El corazón humano y la moral son los mismos en todos los siglos.

Las civilizaciones difieren esencialmente. “Jamás se hará, dice el doctor don V. F. López en su prólogo a Las neurosis, un profesor o un catedrático europeo, de un Bracma»; así debe ser: pero no ofrecería la misma dificultad el hacer de un gaucho un Bracma lleno de sabiduría; si es que los Bracmas hacen consistir toda su ciencia en su sabiduría proverbial, según los pinta el sabio conservador de la Biblioteca Nacional de París, en «La sabiduría popular de todas las naciones», que difundió en el nuevo mundo el americano Pazos Kanki.

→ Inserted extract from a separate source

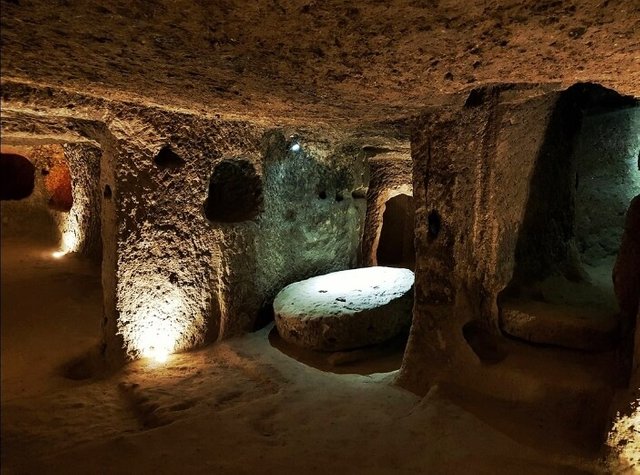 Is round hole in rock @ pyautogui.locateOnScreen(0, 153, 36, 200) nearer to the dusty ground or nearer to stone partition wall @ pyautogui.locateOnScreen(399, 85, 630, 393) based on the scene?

Saturados de ese espíritu gaucho hay entre nosotros algunos poetas de formas muy cultas y correctas, y no ha de escasear el género porque es una producción legítima y espontánea del país, y que, en verdad, no se manifiesta únicamente en el terreno florido de la literatura.

Concluyo aquí, dejando a la consideración de los benévolos lectores lo que yo no puedo decir sin extender demasiado este prefacio, poco necesario en las humildes coplas de un hijo del desierto.

¡Sea el público indulgente con él! y acepte esta humilde producción, que le dedicamos, como que es nuestro mejor y más antiguo amigo.

La originalidad de un libro debe empezar en el prólogo. Nadie se sorprenda, por lo tanto, ni de la forma ni de los objetos que éste abraza; y debemos terminarlo haciendo público nuestro agradecimiento hacia los distinguidos escritores que acaban de honrarnos con su fallo, como el señor d. José Tomás Guido, en una bellísima carta que acogieron deferentes La Tribuna y La Prensa, y que reprodujeron en sus columnas varios periódicos de la República. El doctor don Adolfo Saldías, en un meditado trabajo sobre el tipo histórico y social del gaucho. El doctor don Miguel Navarro Viola, en la última entrega de la Biblioteca Popular estimulándonos, con honrosos términos, a continuar en la tarea empezada.

Diversos periódicos de la ciudad y campaña, como El Heraldo, de Azul; La Patria, de Dolores; El Oeste, de Mercedes, y otros, han adquirido también justos títulos a nuestra gratitud, que conservamos como una deuda sagrada.

Terminamos esta breve reseña con La Capital, de Rosario, que ha anunciado La vuelta de Martín Fierro, haciendo concebir esperanzas que Dios sabe si van a ser satisfechas.

Ciérrase este prólogo diciendo que se llama este libro La vuelta de Martín Fierro, porque este título le dio el público antes, mucho antes de haber yo pensado en escribirlo; y allá va a correr tierras con mi bendición paternal.